Wednesday, May 30, 2012

Rochas Madame Rochas: fragrance review

"Give him Madame Rochas. A few drops at a time."
 ~New Yorker magazine vintage ad 27 November 1965

Madame Rochas was the signature scent of my grandmother in her mature years and lovingly picked by my own mother as well, when my grandmother passed away. They were unconsciously true to the wise words of a vintage ad: "Rule: Your perfume should change as often as your mood. Exception: Madame Rochas." It does make for a glorious signature fragrance...I well remember smelling the perfume on both women as a little girl, thinking it smelled simply wonderful. And it still does, transporting me to an elegant vision of old money class, beautiful restraint, no vulgar displays of anything, be it flesh or wealth. But that's not to say she's not sexy or femme either. Another vintage ad puts it well: "In France romance is a national passion. So is Madame Rochas". And it is indeed very much a "perfume in the French style".
Like classical art, this Guy Robert scented creation always felt like it was simply striking the right proportions.

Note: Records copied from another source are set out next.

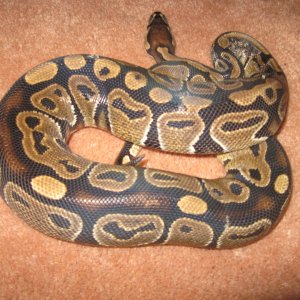 0.1 het albino 50% het axanthic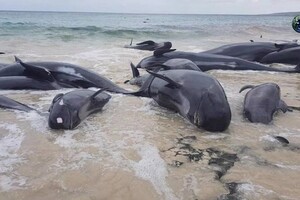 На побережье Шри-Ланки выбросились 100 китов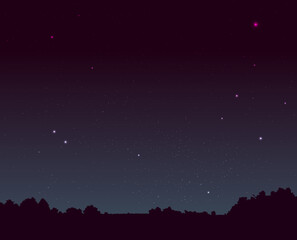 Night landscape with trees and sky. Beautiful glow of the night starry sky, dark forest landscape. Mysterious place. Image for a book. Vector illustration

Character & Attitude: A Grande Dame
To describe Madame Rochas feels a bit like ornamenting that which needs no ornament. Much like my maternal grandmother, she is a Grande Dame, never an ingenue, girl-next-door, damsel in distress or soubrette. This might be the reason this 1960 creation fell somewhat out of favor commercially in the last 15-20 years when perfumery reached its apogee of fragrance creation ideals focused on naive youthfulness, immediate accessibility or plain out weirdness for the sensationalist/witty effect. Much like on cannot imagine the generation of CK One approaching their elders' vanities with anything but a dismissed "pffft", one cannot envision Madame Rochas on anyone under 30. Unless of course we're talking a perfumista who dabbles in decades past.

On the contrary Madame Rochas is in a way Lanvin's Arpège revisited for the 1960s and the new jet set emerging, a sort of Parisian Mod, Jackie Kennedy shops French designers before becoming First Lady. Madame Rochas is also interesting as a milestone in perfumer's Guy Robert opus in that it set the stage for his Hermes Calèche to follow the following year, Madame Rochas' drier twin sister; the latter would would influence the market for quite awhile.

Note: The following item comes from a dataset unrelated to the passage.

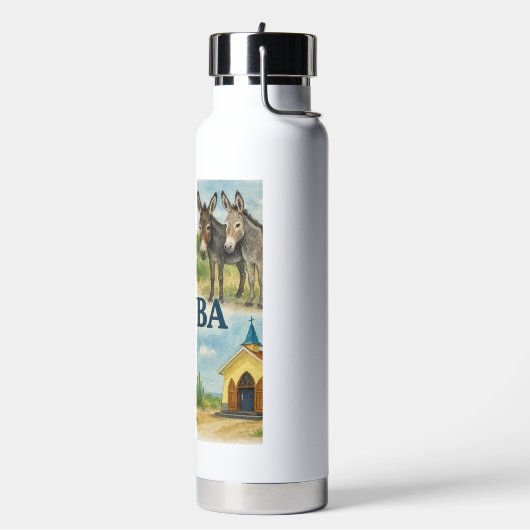Aruba Multiview-Wasserfarbe Trinkflasche (Links)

The fragrance was created specifically under the commision of Hélène Rochas, the young wife of the Rochas house founder, for whom Femme de Rochas was also made when she went into wedlock. She was only 30 when the perfume was officially issued, showing just how far and wide tastes in what is considered youthful have shifted.

Scent Description
The aldehydes open on a dewy but sunny April morning: Hyacinth, lemon and neroli are shining with green-waxy-lemony shades before an indeterminate floral heart opens with woody tonalities (tuberose, rose, narcissus and jasmine). The propelling provided by the muskier, mossier, lightly powdered (never talc-like) base extends the florals and woods on for hours. The complexity of the formula and the intricate structuring of its accords accounts for its radiance and tenacity.
The powdery orris feel is underscored by the fresh and at the same time musty vetiver; but the proportion is such that the end result doesn't smell musty at all.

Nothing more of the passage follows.